Remove Duplicates from Sorted Array

update Jun 28, 2017

leetcode

Given a sorted array, remove the duplicates in place such that each element appear only once and return the new length.

Do not allocate extra space for another array, you must do this in place with constant memory.

For example,

Given input array nums = [1,1,2],

Your function should return length = 2, with the first two elements of nums being 1 and 2 respectively. It doesn't matter what you leave beyond the new length.

思路

首先我们的目标一定是在 O(n) 的时间内解决问题，类比 quick sort的partition，我们可以写出类似的 2 pointers 的算法。

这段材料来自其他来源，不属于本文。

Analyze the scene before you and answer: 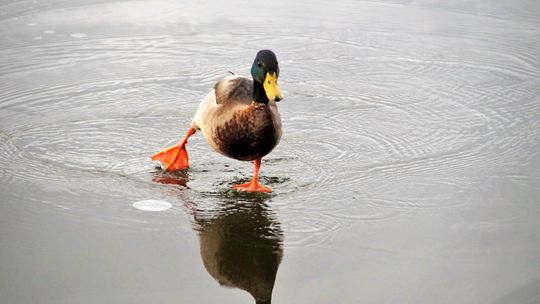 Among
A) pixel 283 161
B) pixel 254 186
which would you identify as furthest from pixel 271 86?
pixel 283 161

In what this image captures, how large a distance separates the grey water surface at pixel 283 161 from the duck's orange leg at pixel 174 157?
0.31ft

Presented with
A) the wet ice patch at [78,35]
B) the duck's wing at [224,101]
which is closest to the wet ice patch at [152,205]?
the duck's wing at [224,101]

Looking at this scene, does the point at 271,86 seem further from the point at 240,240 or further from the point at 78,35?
the point at 78,35

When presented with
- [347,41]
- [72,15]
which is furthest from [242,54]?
[72,15]

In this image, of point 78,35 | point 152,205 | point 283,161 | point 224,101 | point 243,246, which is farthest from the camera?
point 78,35

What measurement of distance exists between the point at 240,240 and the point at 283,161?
134 cm

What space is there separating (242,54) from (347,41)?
115 centimetres

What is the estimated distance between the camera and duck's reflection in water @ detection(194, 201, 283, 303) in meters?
3.91

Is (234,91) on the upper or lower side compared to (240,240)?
upper

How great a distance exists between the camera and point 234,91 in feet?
17.1

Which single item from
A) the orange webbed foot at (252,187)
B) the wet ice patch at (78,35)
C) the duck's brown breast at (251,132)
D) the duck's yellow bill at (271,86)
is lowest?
the orange webbed foot at (252,187)

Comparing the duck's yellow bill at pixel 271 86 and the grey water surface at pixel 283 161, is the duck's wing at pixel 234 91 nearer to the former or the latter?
the duck's yellow bill at pixel 271 86

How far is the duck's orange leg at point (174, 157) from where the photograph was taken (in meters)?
5.34

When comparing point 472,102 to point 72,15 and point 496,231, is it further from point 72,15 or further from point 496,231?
point 72,15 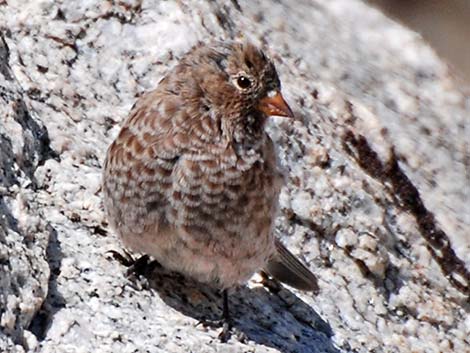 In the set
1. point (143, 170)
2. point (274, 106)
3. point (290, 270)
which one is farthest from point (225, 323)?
point (274, 106)

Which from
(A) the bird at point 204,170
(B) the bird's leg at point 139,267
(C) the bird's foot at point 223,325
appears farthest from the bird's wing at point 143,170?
(C) the bird's foot at point 223,325

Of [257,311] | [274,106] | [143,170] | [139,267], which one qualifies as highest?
[274,106]

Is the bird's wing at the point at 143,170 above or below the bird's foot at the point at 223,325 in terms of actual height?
above

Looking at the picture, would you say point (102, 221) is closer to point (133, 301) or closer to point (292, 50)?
point (133, 301)

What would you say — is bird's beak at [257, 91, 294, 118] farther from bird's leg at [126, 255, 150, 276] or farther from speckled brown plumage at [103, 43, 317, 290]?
bird's leg at [126, 255, 150, 276]

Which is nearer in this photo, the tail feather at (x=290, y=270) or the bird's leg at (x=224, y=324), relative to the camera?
the bird's leg at (x=224, y=324)

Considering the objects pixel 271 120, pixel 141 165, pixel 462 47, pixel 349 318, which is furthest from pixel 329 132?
pixel 462 47

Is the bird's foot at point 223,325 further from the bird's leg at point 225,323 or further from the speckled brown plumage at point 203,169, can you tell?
the speckled brown plumage at point 203,169

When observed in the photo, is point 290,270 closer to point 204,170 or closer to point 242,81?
point 204,170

维持两个指针i, j，i 左边是我们的最终结果，j 右边是还没有探测的原数组，i, j之间是存在 duplicates 的部分。最终 i 会把数组一分为二，左边就是我们需要的部分。

Code

Python code：

    class Solution(object):
        def removeDuplicates(self, nums):
            """
            :type nums: List[int]
            :rtype: int
            """
            if len(nums) == 0: return 0
            i = 0
            j = 0
            while j < len(nums):
                if nums[i] != nums[j]:
                    i += 1
                    nums[i] = nums[j]
                j += 1
            return i + 1

update Nov 27, 2017 11:10

更新code

之前的写法，起初令 i,j 都等于0，依靠第一次 while 判定 nums[i]==nums[j] 不做操作。改进之后，令初始 i, j = 0, 1，这样更好理解：

    class Solution(object):
        def removeDuplicates(self, nums):
            """
            :type nums: List[int]
            :rtype: int
            """
            if not nums:
                return 0
            left, right = 0, 1
            while right < len(nums):
                if nums[left] != nums[right]:
                    left += 1
                    nums[left] = nums[right]
                right += 1
            return left + 1